Mülheim. Für ein neues Stück macht das Mülheimer Theater an der Ruhr Filmaufnahmen auf der Rennbahn. Wie die Crew mit den sensiblen Pferden umgehen muss.
Wunderbar still ist es auf der Rennbahn am Raffelberg. Auch rund um das ehemalige Kassenhäuschen darf nur geflüstert werden. Denn hier finden Dreharbeiten statt. Für einen Film, der in einer neuen Produktion des Theaters an der Ruhr eine wichtige Rolle spielt. „Anatomie eines Wortes - Ritt über den Bodensee“ lautet der Titel, es soll im September Premiere haben und verknüpft Schauspiel, Film und Märchenoper.
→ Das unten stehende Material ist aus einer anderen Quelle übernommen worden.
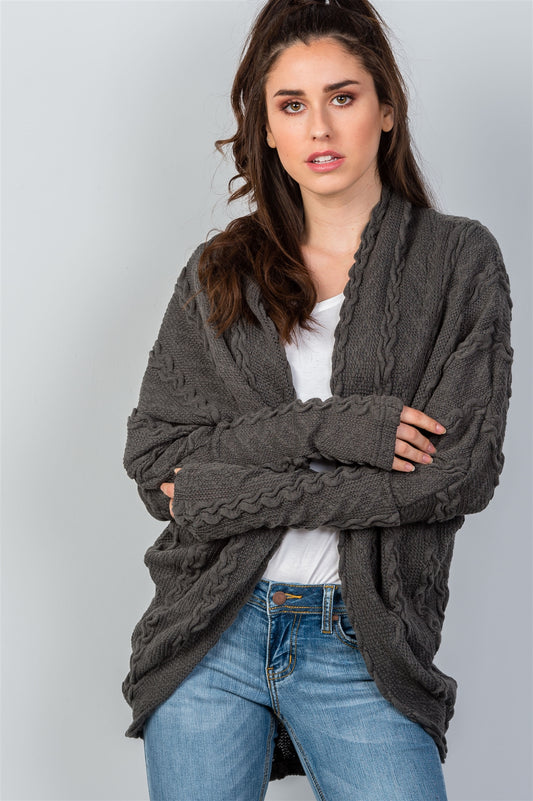 Ladies fashion open front  drop shoulder cable knit cardigan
Im kleinen Pavillon liegt - auf Strohballen gebettet - die junge Schauspielerin Susanne Blodt. Sie spielt die sterbenskranke Prinzessin Kasimira. Die Kostümbildnerin drapiert ihr Kleid zum wiederholten Mal, die Maskenbildnerin legt den langen Zopf dekorativ über die Schulter der Königstochter. Ganz ruhig muss die junge Darstellerin liegen, mit weit aufgerissenen Augen und halb offenem Mund. Schließlich sind es ihre letzten Minuten im Kampf gegen den Tod, am Ende wird ein roter Blutfaden aus ihrem Mund rinnen.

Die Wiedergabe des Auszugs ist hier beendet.